The slum is an ideal breeding ground for diseases such as tuberculosis.

Contrary to what it sounds like, the man coughing on the street does not have TB but is an amateur actor pretending to be ill

Some local youths are performing a street play about contagious diseases in one of the narrow lanes -- the eight boys are wearing T-shirts from the German Leprosy and Tuberculosis Relief Association (DAHW).

The boys are participating in a DAHW project which not only gives information about tuberculosis in the slums of Delhi but also offers treatment.

Ideal means of communication

Street theatre is an ideal means of reaching the slum dwellers -- most of them are illiterate and have access to neither television nor radio. The DAHW also has health posts where TB patients can get weekly advice and free medicine from local volunteers.

”We chose volunteers from the slums only -- the basic criteria is that he should be a resident of a slum, well-accepted by the community and should be available around the clock,” explained the doctor Rajbir Singh.
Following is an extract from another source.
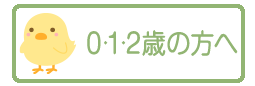 0・1・2歳児の方へ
The volunteer helpers are trained up in about two weeks and they then get posted in their own district as lay specialists for tuberculosis.

Filling the gap

The DAHW thus fills a gap in the Indian state health system. Although the state offers good treatment for TB the centres are often very far away from the poor districts and they often only open when the slum dwellers are at work.

That's why the local health posts are so important. Health workers there are on hand also to explain to patients that they should not stop their treatment as soon as they feel a better but should continue their course of treatment till the end.

The volunteers get 1,000 rupees a month for their work -- not much but money is not their main motive, Dr Singh says: ”They are more inclined towards social service. They feel satisfied when they reach out to so many TB patients and a number of TB patients they get cured at their centre. This practice brings them recognition in society.”

Effective recipe

It's obviously an effective recipe -- even though the physical conditions in the slums are miserable -- there is damp and overcrowding and poor sanitary conditions, the success of the project is evident.

”In Delhi, the defaulter rate among patients from slums is around 13 to 14 percent, but at our centres all throughout 2007 we never had a defaulter rate of over 4 percent,” Singh said proudly.

The World Health Organisation estimates that 1.7 million Indians fall ill with tuberculosis every year -- more than in any other country. Many die of the disease.